As the original pooled fecal material used in the experiments described in the previous sections was no longer available, new fecal starting material was prepared for subsequent experiments. The first fecal sample was prepared by pooling specimens from healthy donors before antibiotic therapy and the second fecal sample by pooling specimens from the same individuals after antibiotic therapy.

Changes in both types of fecal microbiota (healthy and post-antibiotic) after cultivation in C. difficile conditioned medium and conditioned media of other bacteria (E. coli, S. Enteritidis, Staphylococcus epidermidis) were compared to cultivation in un-conditioned medium.

Changes detected in fecal microbiota composition showed significant differences after growth in all conditioned media (Fig. 5; Fig. S5). The deepest branching divided samples of C. difficile conditioned media from all other samples (Fig. 5). Controls from unconditioned medium were more similar to conditioned medium of all other bacteria than to conditioned medium of C. difficile. Within C. difficile samples, further clustering was associated with fecal microbiota type (healthy or post-antibiotic) and further with C. difficile ribotype. Also, in the group of samples from all other bacteria, the first branching was microbiota type associated (healthy or post-antibiotic). Subsequently, all three typical enteric strains clustered together, while fecal microbiota from S. epidermidis conditioned medium clustered separately.

Figure 5
Figure 5

Hierarchical clustering of samples before antibiotic therapy (mixH2) and after antibiotic therapy (mixD2) cultured in WCAB (Wilkins Chalgren Anaerobe Broth) conditioned media of four different bacteria (Clostridium difficile, 1998 and WF270; E. coli, EH7 and EO157; Salmonella Enteritidis, SALM; Staphylococcus epidermidis, STAPH), obtained by MEGA software (v.7.0.26).

Discussion

C. difficile colonizes the gut only in the presence of non-mature or non-functional microbiota. The expanded C. difficile population could subsequently shape the gut microenvironment and affect gut microbiota reestablishment, but this possibility is poorly explored. In the present study, we have mimicked the conditions of a C. difficile influenced environment by comparing fecal microbiota community structure after cultivation in C. difficile conditioned and fresh growth medium.

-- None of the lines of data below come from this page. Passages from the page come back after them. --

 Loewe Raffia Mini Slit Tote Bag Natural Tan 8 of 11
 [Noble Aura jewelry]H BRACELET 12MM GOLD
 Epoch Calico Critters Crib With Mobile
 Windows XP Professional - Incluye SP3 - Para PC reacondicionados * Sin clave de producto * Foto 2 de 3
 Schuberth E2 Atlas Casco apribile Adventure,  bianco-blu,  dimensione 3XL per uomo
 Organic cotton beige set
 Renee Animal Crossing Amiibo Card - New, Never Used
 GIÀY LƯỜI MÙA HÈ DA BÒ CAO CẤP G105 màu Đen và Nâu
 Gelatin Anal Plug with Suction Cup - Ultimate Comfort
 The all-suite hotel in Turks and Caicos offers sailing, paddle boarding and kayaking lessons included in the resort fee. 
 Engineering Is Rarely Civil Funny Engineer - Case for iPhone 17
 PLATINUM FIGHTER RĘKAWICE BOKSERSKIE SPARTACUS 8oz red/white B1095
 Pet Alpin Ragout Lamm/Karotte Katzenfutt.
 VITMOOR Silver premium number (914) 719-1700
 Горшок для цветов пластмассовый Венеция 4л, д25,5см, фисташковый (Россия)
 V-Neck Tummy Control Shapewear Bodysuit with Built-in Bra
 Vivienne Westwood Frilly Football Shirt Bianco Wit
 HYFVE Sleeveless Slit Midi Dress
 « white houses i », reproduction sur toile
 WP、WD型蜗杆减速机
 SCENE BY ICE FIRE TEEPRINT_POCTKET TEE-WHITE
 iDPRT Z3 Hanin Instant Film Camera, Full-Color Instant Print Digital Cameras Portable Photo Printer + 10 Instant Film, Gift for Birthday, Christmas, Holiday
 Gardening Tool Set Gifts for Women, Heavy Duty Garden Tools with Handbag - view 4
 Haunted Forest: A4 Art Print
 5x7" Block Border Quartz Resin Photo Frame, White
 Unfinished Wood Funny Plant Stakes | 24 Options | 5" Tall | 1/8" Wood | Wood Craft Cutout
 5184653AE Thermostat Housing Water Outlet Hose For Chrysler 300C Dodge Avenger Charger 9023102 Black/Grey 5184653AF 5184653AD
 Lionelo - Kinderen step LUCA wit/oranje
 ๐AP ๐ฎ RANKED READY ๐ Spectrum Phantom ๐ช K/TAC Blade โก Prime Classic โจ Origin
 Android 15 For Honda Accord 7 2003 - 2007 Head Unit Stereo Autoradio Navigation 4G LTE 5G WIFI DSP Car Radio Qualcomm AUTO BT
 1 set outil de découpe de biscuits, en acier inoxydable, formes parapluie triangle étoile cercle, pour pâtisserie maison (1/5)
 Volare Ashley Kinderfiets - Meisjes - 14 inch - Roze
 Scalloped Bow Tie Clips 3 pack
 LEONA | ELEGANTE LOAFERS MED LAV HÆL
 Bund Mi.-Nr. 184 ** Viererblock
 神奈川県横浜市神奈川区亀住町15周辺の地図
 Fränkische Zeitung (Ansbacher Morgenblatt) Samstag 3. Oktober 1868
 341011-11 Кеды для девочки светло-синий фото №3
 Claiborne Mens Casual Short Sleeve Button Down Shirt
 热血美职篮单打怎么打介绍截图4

Possible mechanisms of interactions between pathobionts and gut microbiota include nutrient depletion, direct inhibition, and effect via immune defenses38. Effects observed in experiments with conditioned medium could be the result of changes in nutrients or inhibitory substances. In co-culture of C. difficile and selected bacterial species, no direct inhibition was detected, except for R. gnavus, while all tested strains showed various degrees of growth decrease in C. difficile conditioned medium (Fig. S3). Hence, we concluded that poor growth in C. difficile conditioned medium is more likely due to changed nutrient availability than to inhibitory substances potentially produced by C. difficile and the same mechanisms could also be effective in vivo during CDI.

Growth medium conditioned by any bacterial species has modified composition and is likely nutrient depleted and will therefore affect the composition of microbiota after cultivation. To test whether changes in microbiota grown in C. difficile conditioned medium are specific, we compared two different types of pooled fecal microbiota (pre- and post-antibiotics) after cultivation in C. difficile conditioned medium with conditioned media of other bacteria. E.coli and Salmonella were selected as representatives of gut pathogens/commensals, whereas S. epidermidis was selected as an example of a bacterium not associated with the gut environment. Interestingly, microbiota in E. coli and Salmonella conditioned medium were more similar to microbiota in Staphylococcus conditioned medium than to C. difficile. The specific nature of changes was to some extent confirmed also in gnotobiotic mouse model with simplified 12 species murine microbiota (Oligo-MM12), where colonization with C. difficile (but not with C. scindens) resulted in significant compositional perturbation as compared to uninfected control animals28. The exact changes were not described in detail, as the main focus of the study was bile acid metabolism in association with colonization resistance.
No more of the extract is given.